*THE RECORDS*:
◆ ◆ ◆ ◆ ◆
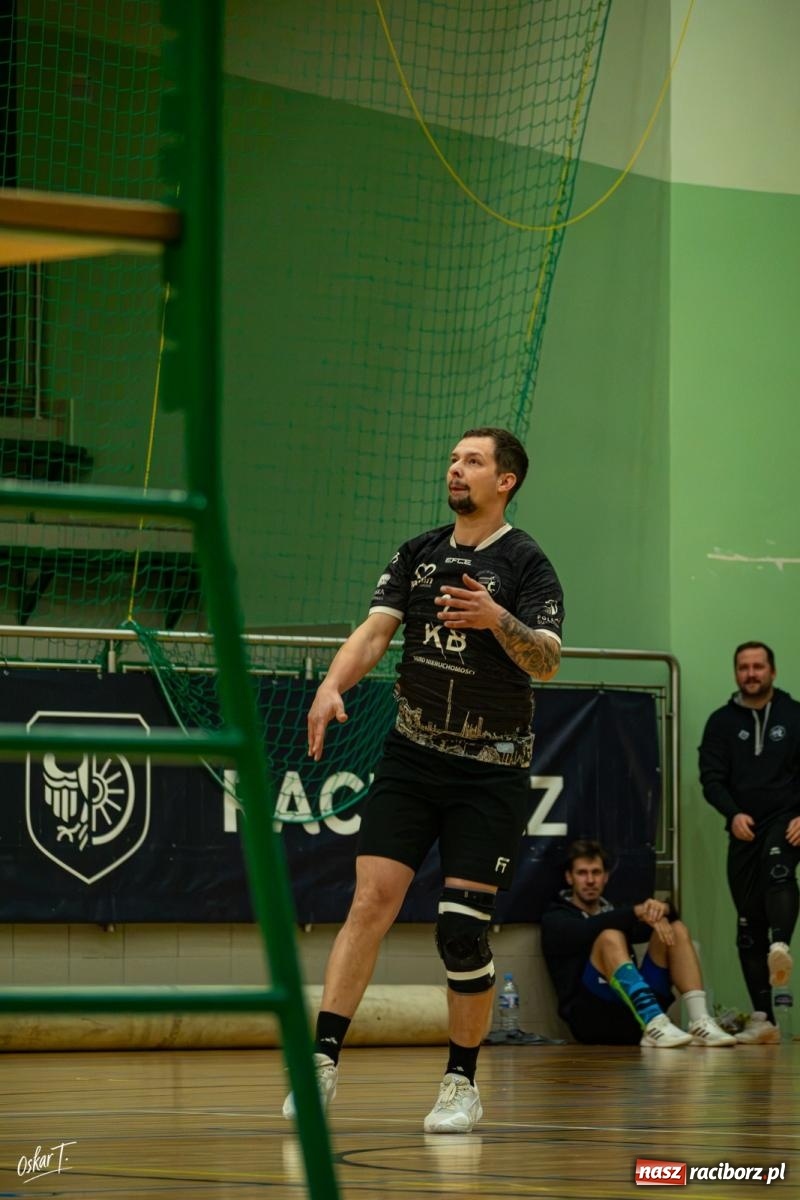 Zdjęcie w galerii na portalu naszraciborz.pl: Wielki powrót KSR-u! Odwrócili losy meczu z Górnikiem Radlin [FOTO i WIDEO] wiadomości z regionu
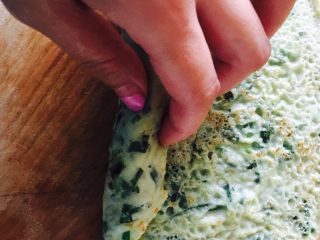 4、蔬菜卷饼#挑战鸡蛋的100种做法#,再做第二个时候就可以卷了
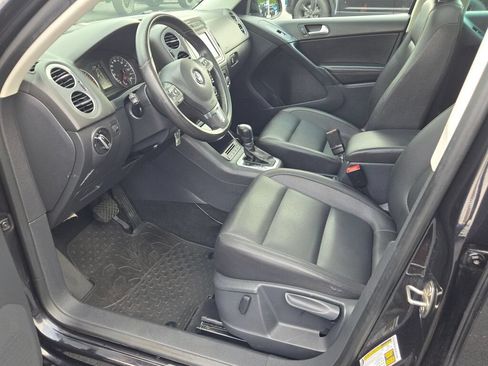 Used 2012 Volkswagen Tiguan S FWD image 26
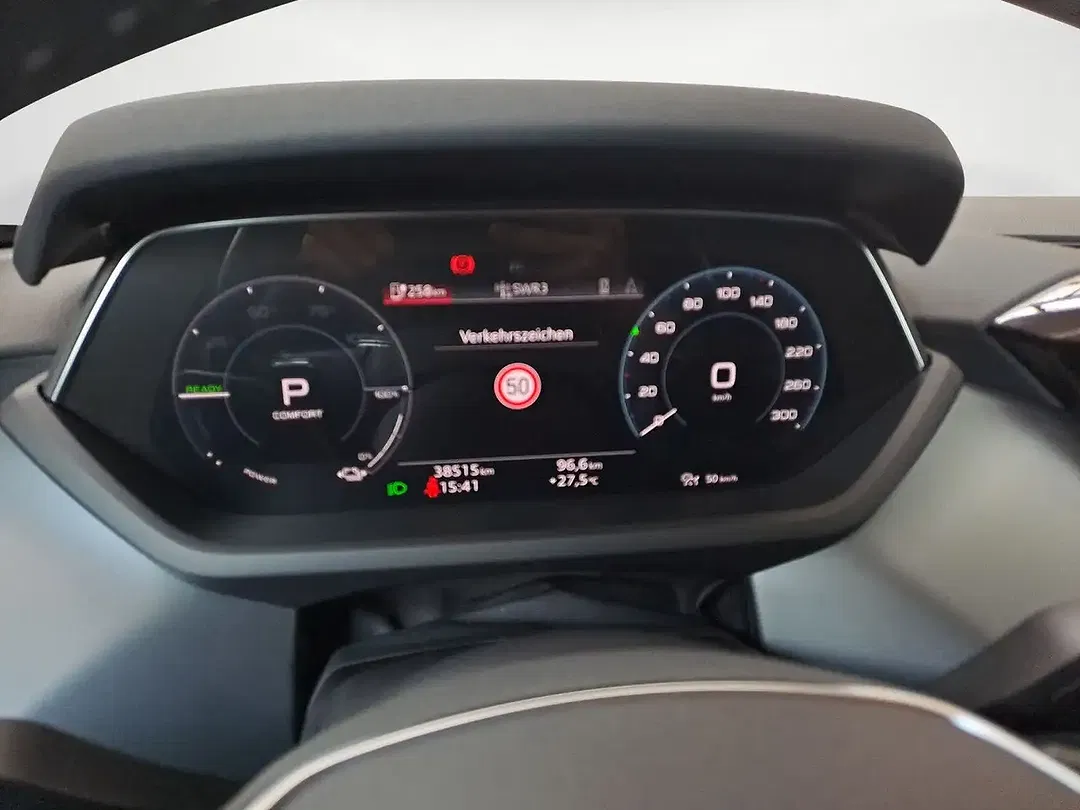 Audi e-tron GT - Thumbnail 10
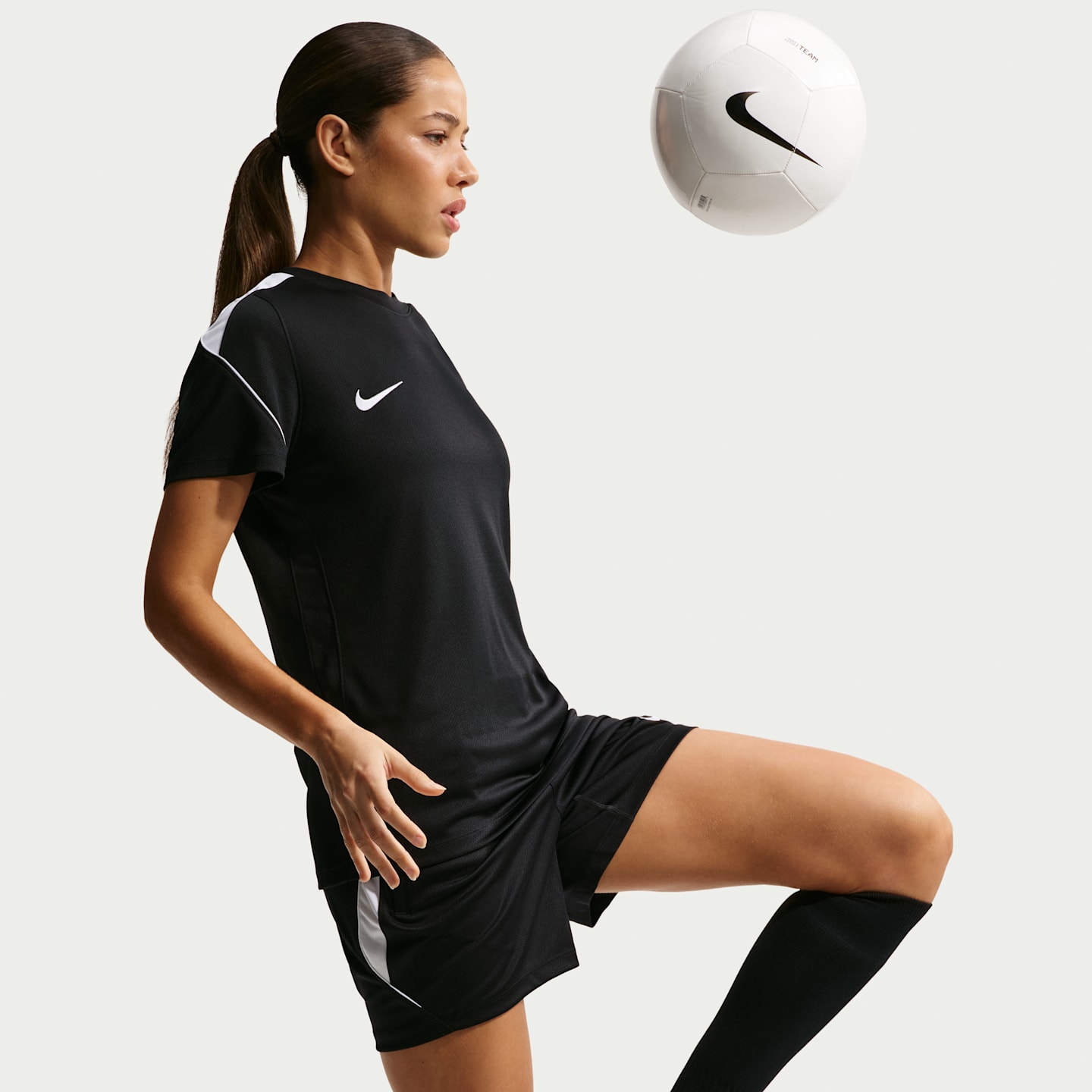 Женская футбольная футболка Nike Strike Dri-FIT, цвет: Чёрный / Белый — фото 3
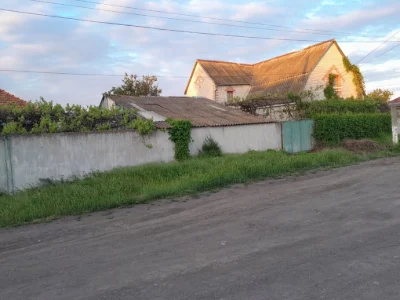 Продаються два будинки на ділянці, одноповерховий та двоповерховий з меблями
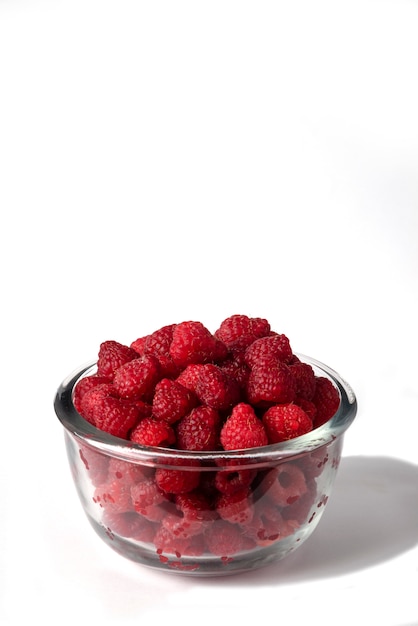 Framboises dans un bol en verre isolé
◆ ◆ ◆ ◆ ◆
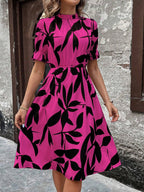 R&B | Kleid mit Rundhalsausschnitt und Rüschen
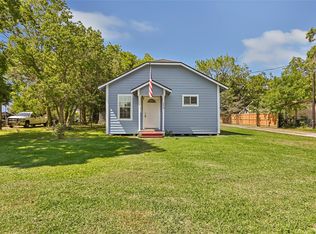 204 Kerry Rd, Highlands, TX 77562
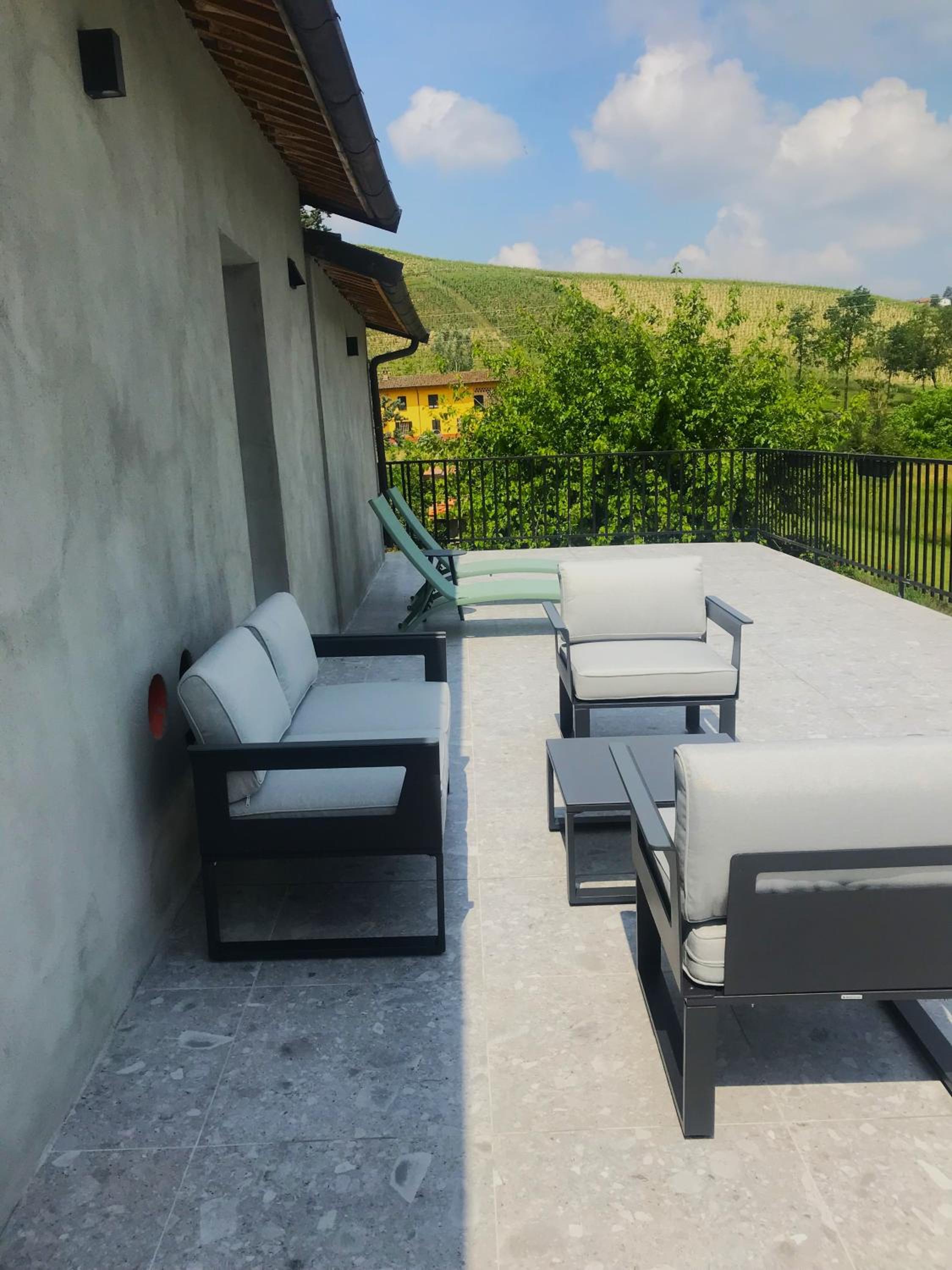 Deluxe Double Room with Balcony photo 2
◆ ◆ ◆ ◆ ◆
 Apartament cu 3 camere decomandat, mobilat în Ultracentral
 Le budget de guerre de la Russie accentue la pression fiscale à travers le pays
◆ ◆ ◆ ◆ ◆
Taking the entries above, print exactly the lines starting at the line with "Apartament cu 3" and ending at the line with "Le budget de", both included.

*ANSWER BELOW*:
 Apartament cu 3 camere decomandat, mobilat în Ultracentral
 Le budget de guerre de la Russie accentue la pression fiscale à travers le pays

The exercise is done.